**Work to complete**
Your response should be an exact transcription of the data, images excluded.
*** Opening Excerpted records ***
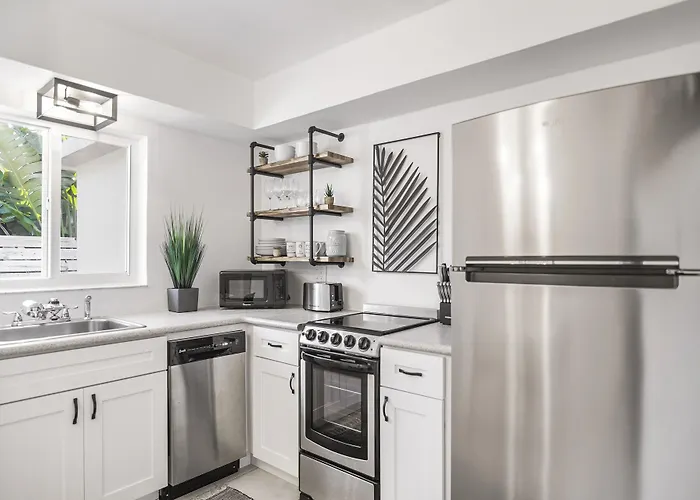 Apart hotel: Alani Bay Premium Condos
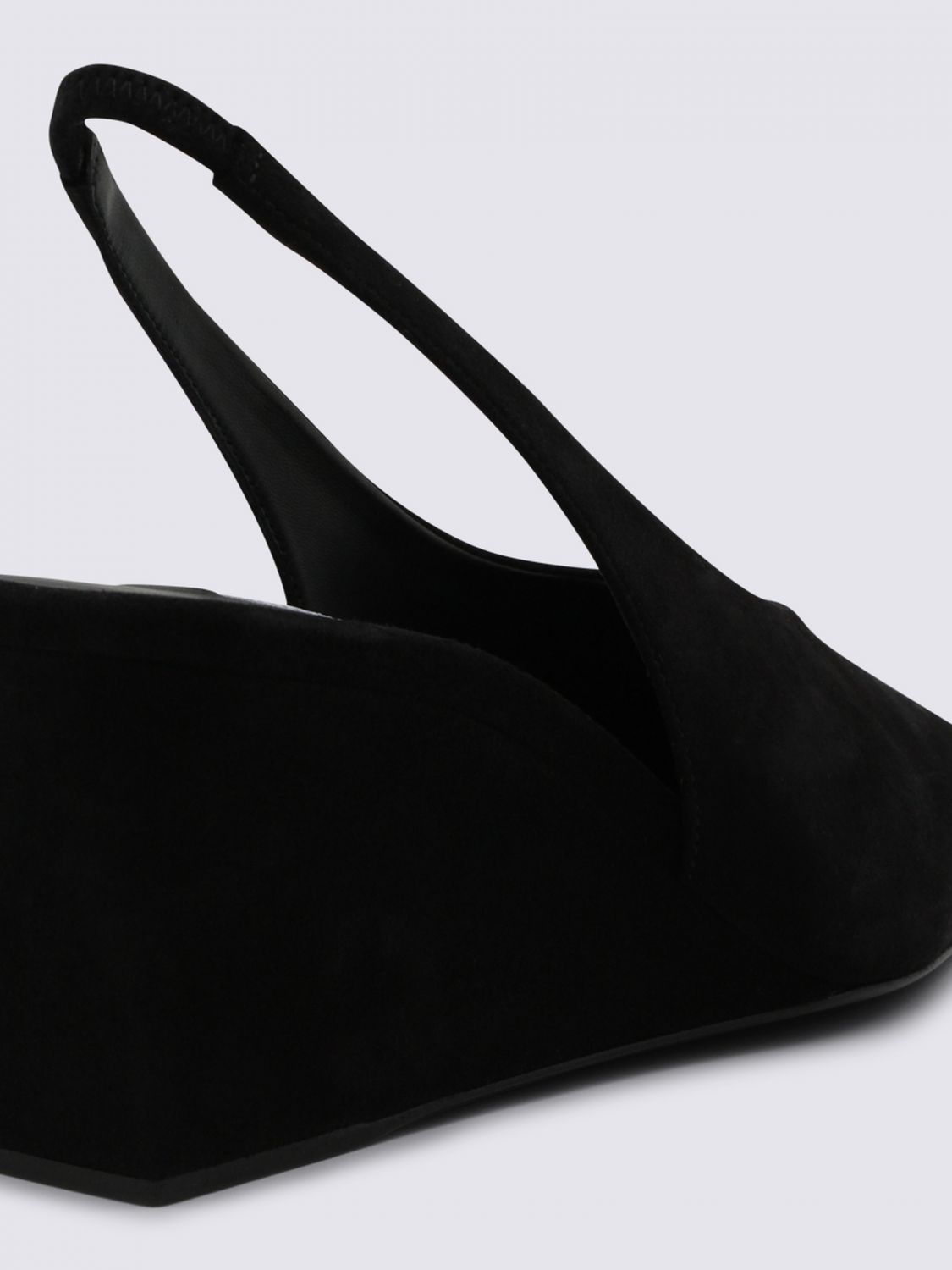 [Alaia] Pumps SS26 AA3G208C0H53 999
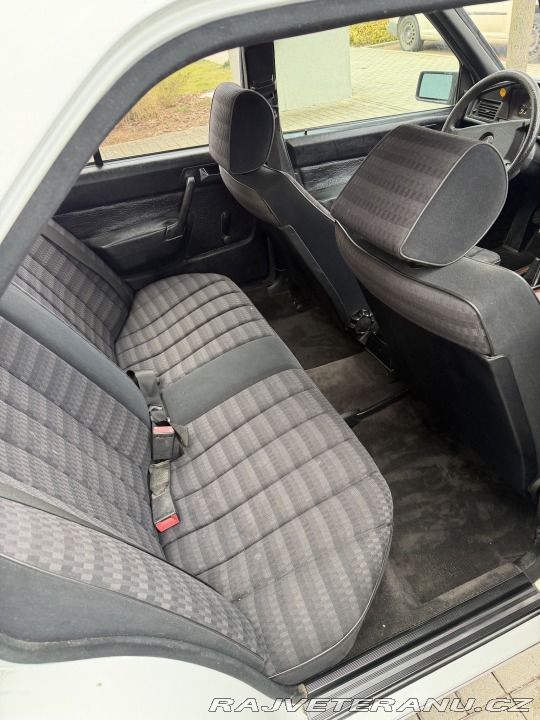 Mercedes-Benz 190  1990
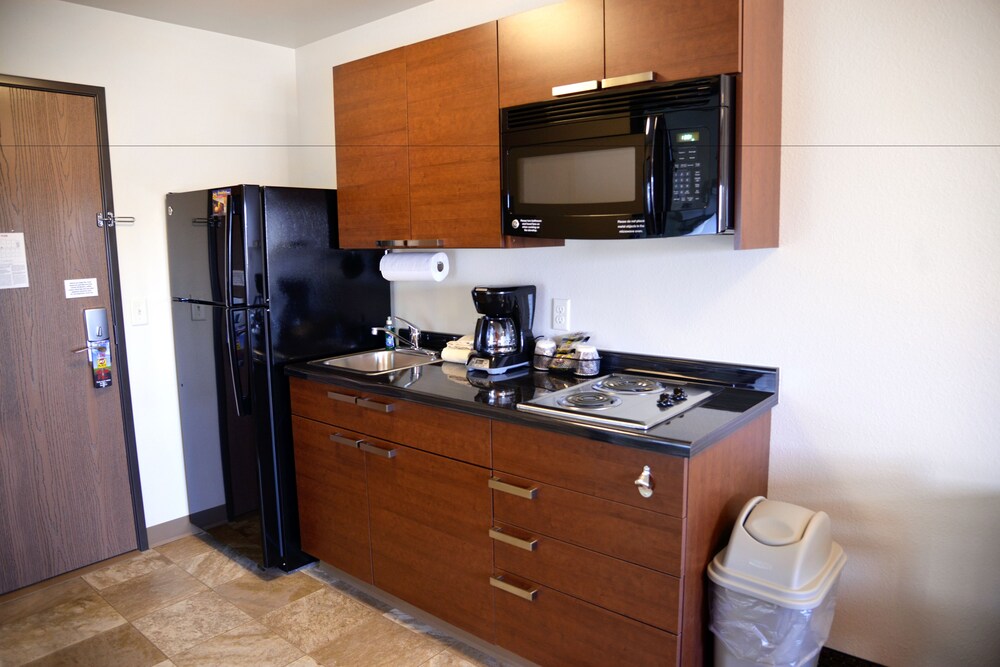 My Place Hotel Boise Meridian ID - photo 14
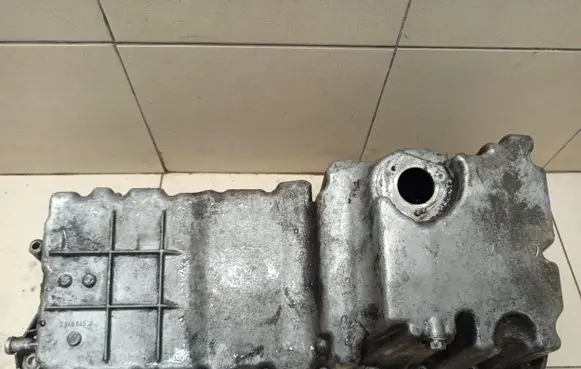 BMW 5 E39 Oil sump 2248645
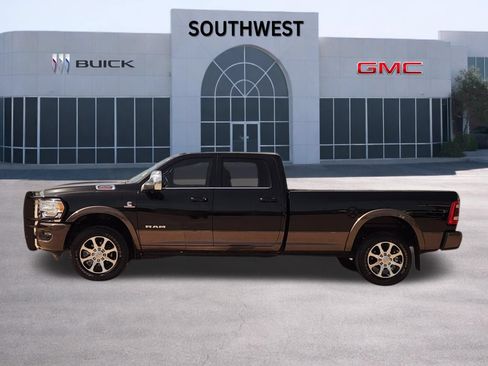 Used 2024 RAM 3500 Limited w/ Towing Technology Group AWD/4WD image 3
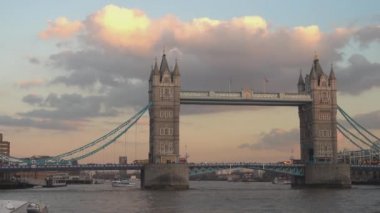 River Thames Tower Bridge Londra'dan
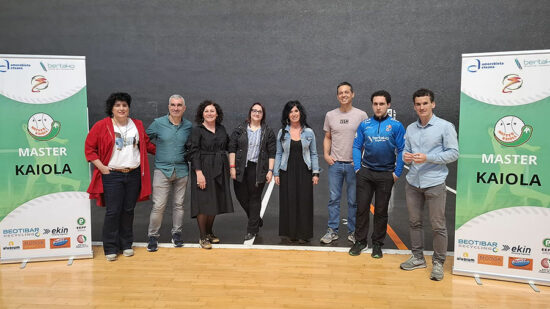 Arranca la temporada de pelota mano en Amorebieta con el Master Kaiola Txapelketa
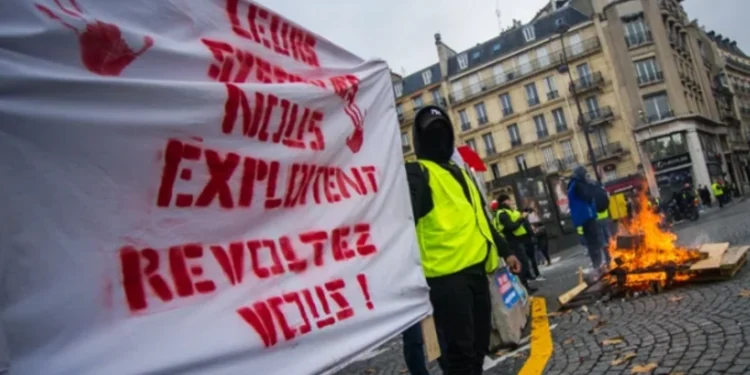 Marseldə etirazçılar hərbi zavodu bağlayıblar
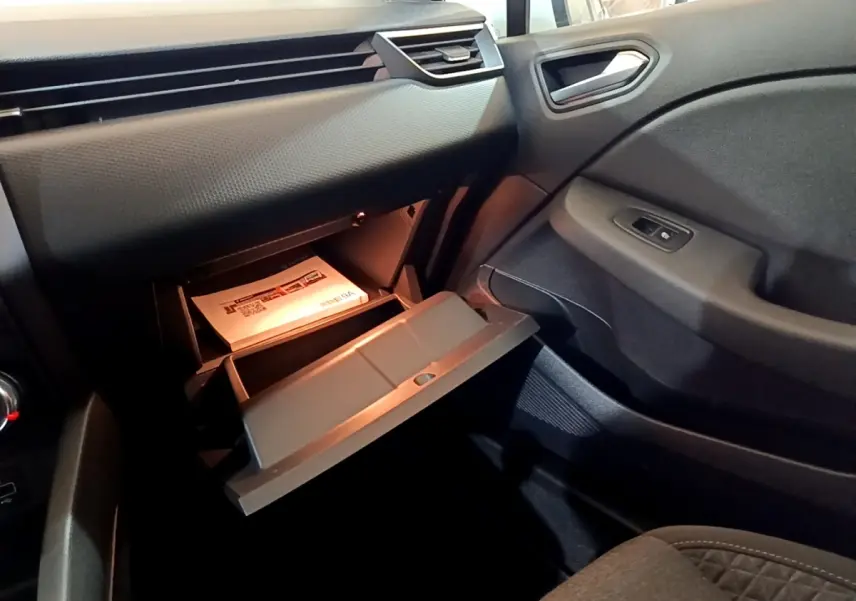 Vue intérieure côté passager de la boîte à gants ouverte de la Renault Clio Business Blue dCi 85 2020, tableau de bord noir.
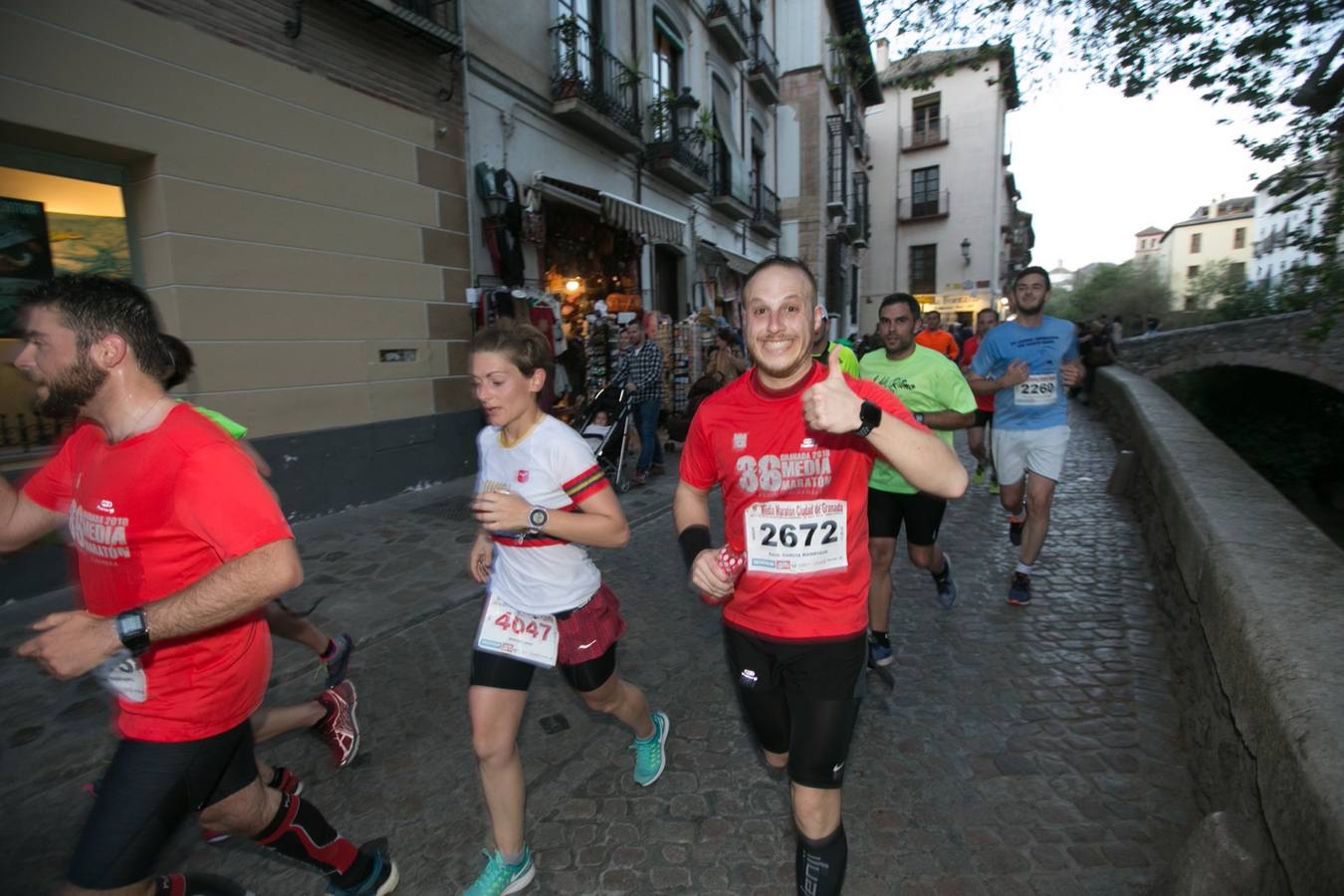 Aquí puedes ver unas maravillosas estampas de la carrera del pasado sábado en Granada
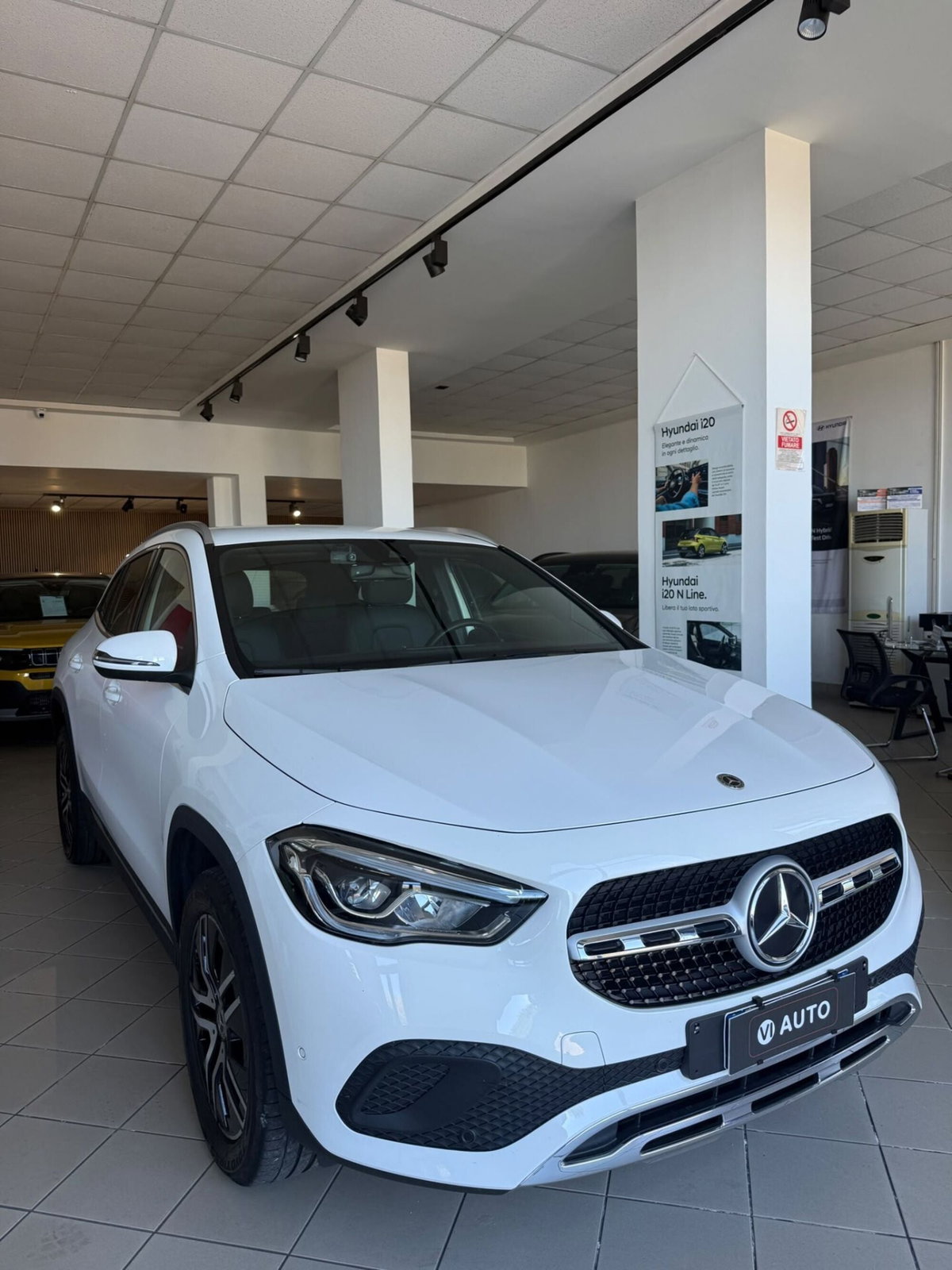 Mercedes-Benz GLA SUV 180 d Automatic Sport Plus (3)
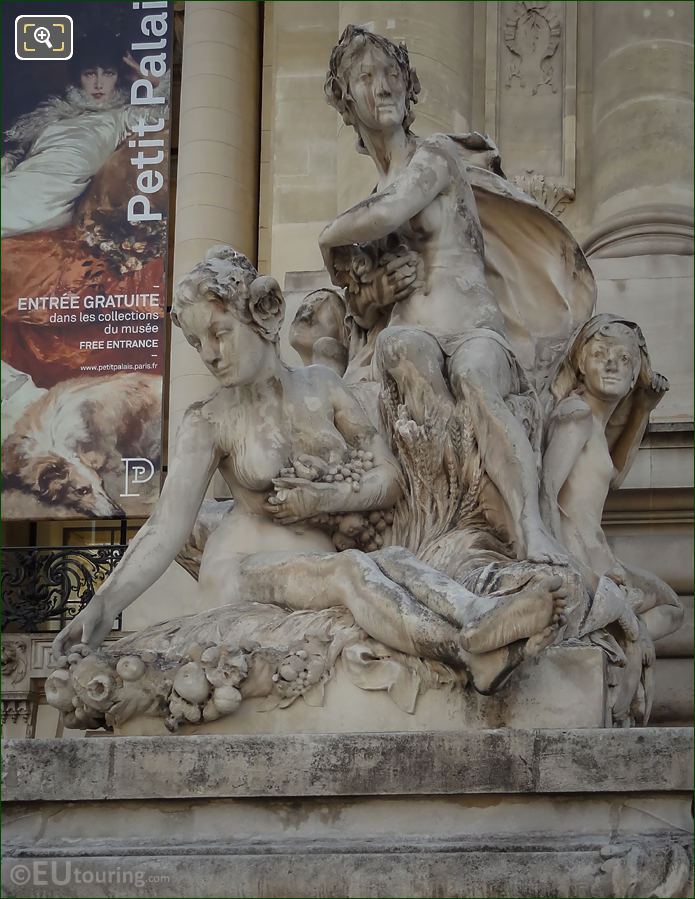 Petit Palais statue Les Quatre Saisons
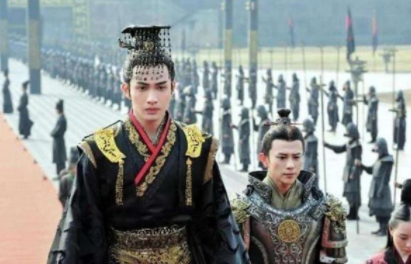 幼帝登基，王朝必乱！看赵高是如何忽悠胡亥的！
*** Closing Excerpted records ***
**Task response**
 Apart hotel: Alani Bay Premium Condos
 [Alaia] Pumps SS26 AA3G208C0H53 999
 Mercedes-Benz 190  1990
 My Place Hotel Boise Meridian ID - photo 14
 BMW 5 E39 Oil sump 2248645
 Used 2024 RAM 3500 Limited w/ Towing Technology Group AWD/4WD image 3
 River Thames Tower Bridge Londra'dan
 Arranca la temporada de pelota mano en Amorebieta con el Master Kaiola Txapelketa
 Marseldə etirazçılar hərbi zavodu bağlayıblar
 Vue intérieure côté passager de la boîte à gants ouverte de la Renault Clio Business Blue dCi 85 2020, tableau de bord noir.
 Aquí puedes ver unas maravillosas estampas de la carrera del pasado sábado en Granada
 Mercedes-Benz GLA SUV 180 d Automatic Sport Plus (3)
 Petit Palais statue Les Quatre Saisons
 幼帝登基，王朝必乱！看赵高是如何忽悠胡亥的！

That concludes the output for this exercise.